Berusaha untuk memotong siklus itu bukanlah solusi. Malah bisa berujung menambah derita. Maka dari itu, mengizinkan siklus itu datang mungkin salah satu hal yang bisa dilakukan.
Di film Shawshank Redemption, seorang Andy dipenjara padahal ia tidak salah. Di penjara, ia dimusuhi dan dipukuli oleh napi lain. Bahkan petugas penjara pun memanfaatkan dia demi keuntungan mereka. Kadang Andy tidak terima dan kadang putus asa. Namun ia tahu bahwa ia tak punya pilihan lain.
Saat ditanya oleh seorang temannya, kenapa Andy bisa dipenjara selama puluhan tahun padahal ia tak pernah salah, ia menjawab, "Putaran takdir, kurasa."
Memperbolehkan takdir buruk untuk lewat, kadang bisa memangkas lamanya waktu sengsara. Semakin cepat menyambut rasa tidak nyaman itu, semakin cepat pula ia akan beralih.

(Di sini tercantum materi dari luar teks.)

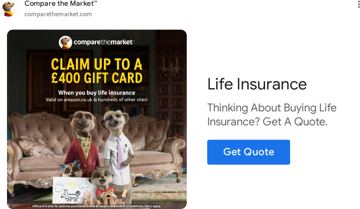 Compare the Market ad — Claim up to £2,400 gift card when buying life insurance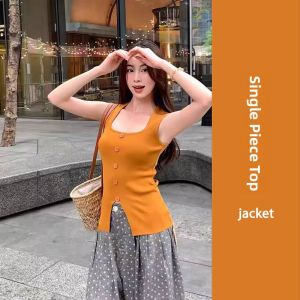 YUEZHONGWEI | Red Knitted Strap Vest Women Summer Outerwear Unique Beautiful Slim Fit Side Slit Square Collar Top Commute Style Single Piece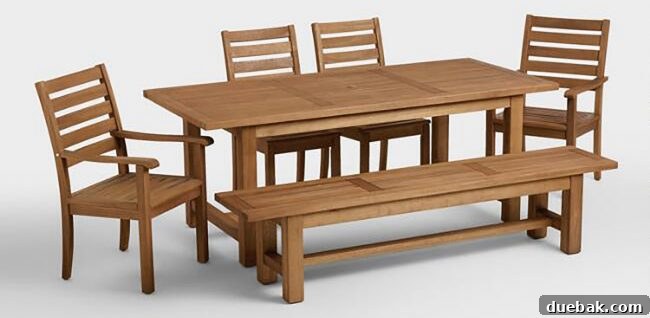 Casual Dining Table with Bench and Chairs for Beach House
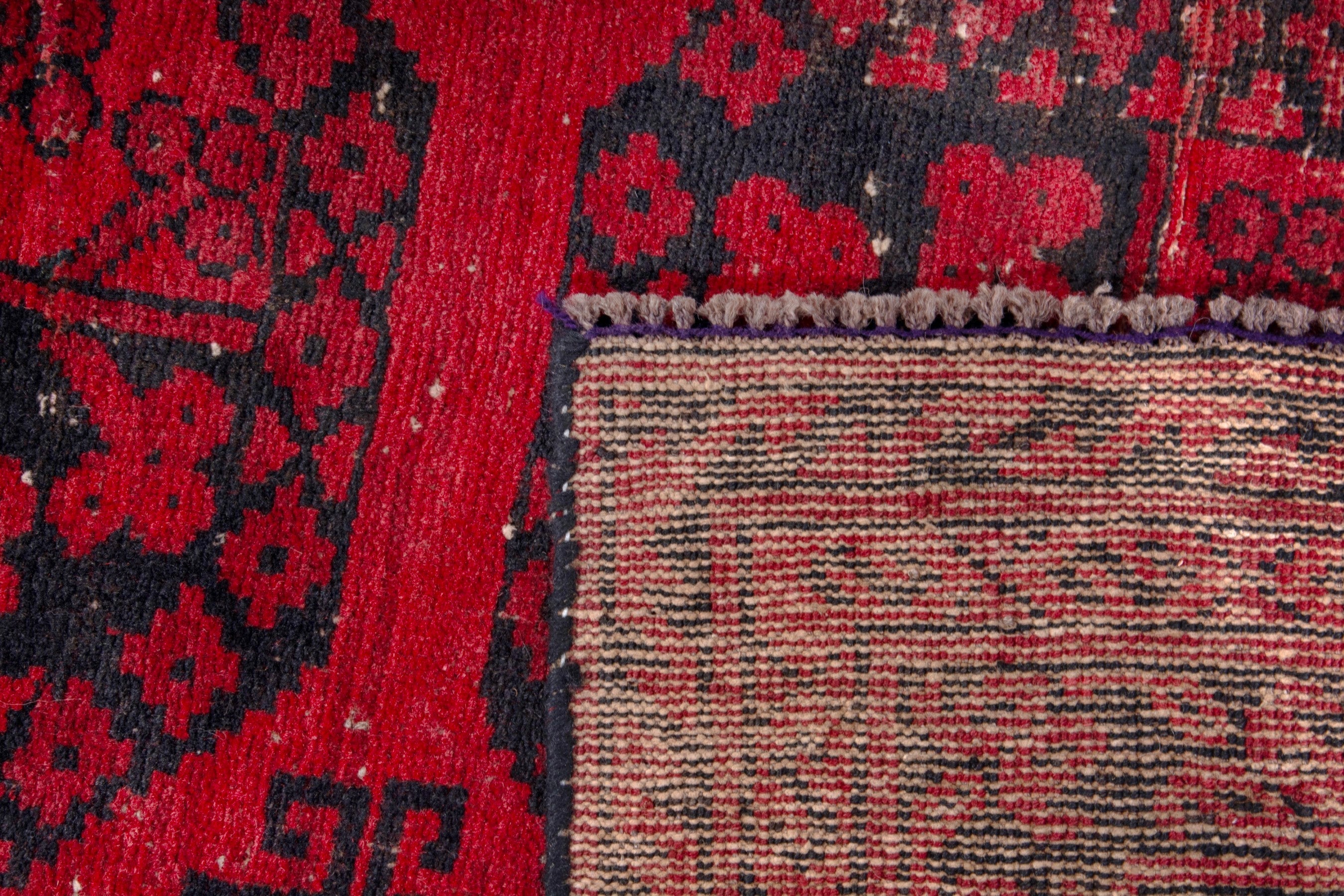 Persian Baluch accent rug in deep red and burgundy, view 17 of 17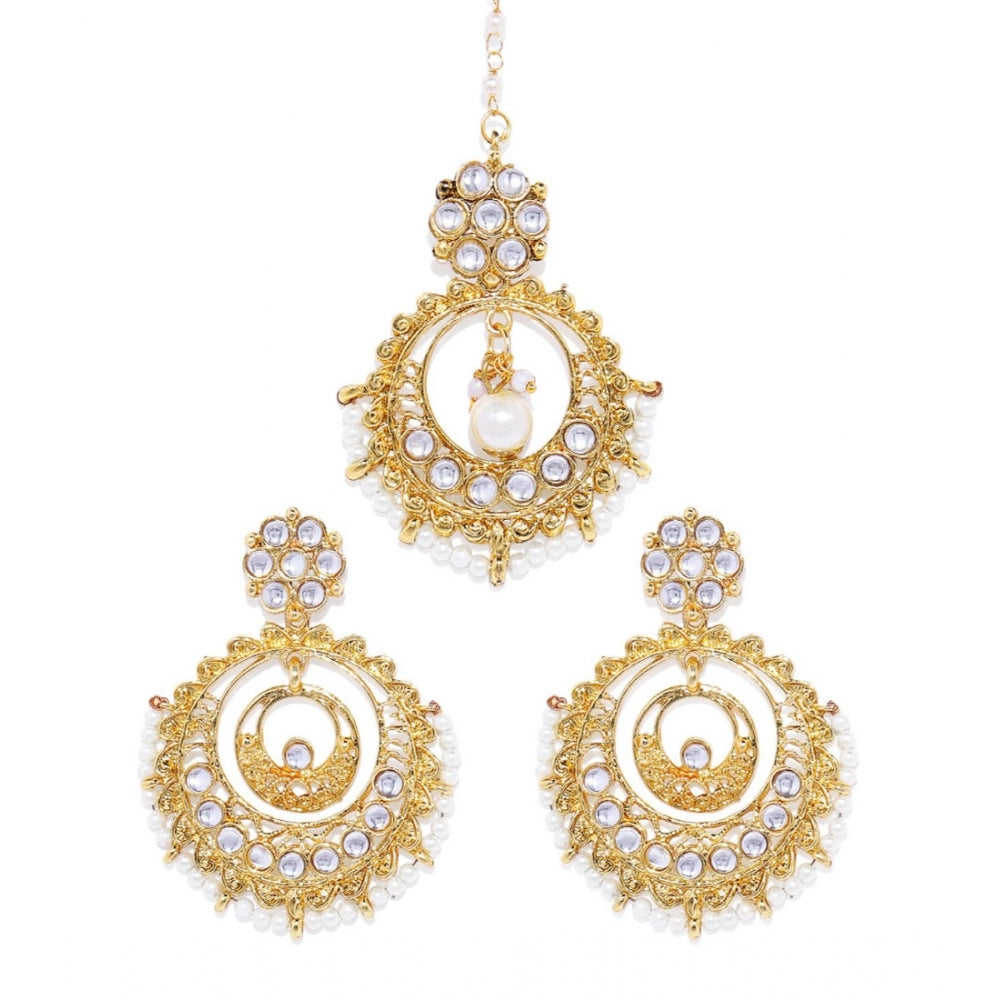 Fashion Women's Rose Gold Plated Alloy Kundan Earrings &amp; Mangtikka (White)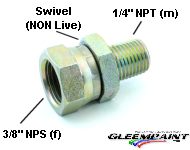 Connector, Swivel (NON Live), 3/8" (Female) X 1/4" (Male)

Seperti matahari yang terbit jam 6 pagi, dan tenggelam jam 6 sore. Hidup semakin terasa berat kalau orang menunda matahari terbit. Pun akan banyak kecewa jika dia menahan matahari tenggelam. Namun hidup akan lebih ringan kalau orang mempersilahkan siklus berjalan sesuai dengan kehendaknya. Konflik akan jarang, kebahagiaan akan sering mampir.
Di Okinawa, seorang murid karate merasa marah setelah melihat tentara Amerika datang mengganggu. Ketika murid itu akan menantang mereka, sang guru karate muncul lalu menyapa para tentara, "Selamat datang di Jepang."
Berkat sambutan hangat itu, orang -- orang itu akhirnya tidak jadi perang. Mereka menggantinya dengan hari yang lebih bersahabat.
Genarasi sandwich yang terjepit antara anak dan orangtua, mungkin telah berjuang dan berkorban begitu banyak hingga kewalahan. Rasa lelah mungkin akan sedikit berkurang jika mereka tak memusuhi siklus takdir. Dan itu akan meringankan sedikit beban mereka sebagai tulang punggung keluarga. Jadi yang semula dilihat sebagai beban, bisa dipandang sebagai berkah kembali.
Kalau begitu, mungkinkah generasi sandwich bahagia di tengah derita? Mungkin saja, karena banyak lidah yang menyukai rasa sandwich, dan tanpa kehadiran mereka, lidah -- lidah itu akan merana dan mati rasa.
Yuk, jadi sandwich yang bermanfaat bagi banyak lidah yang membutuhkan.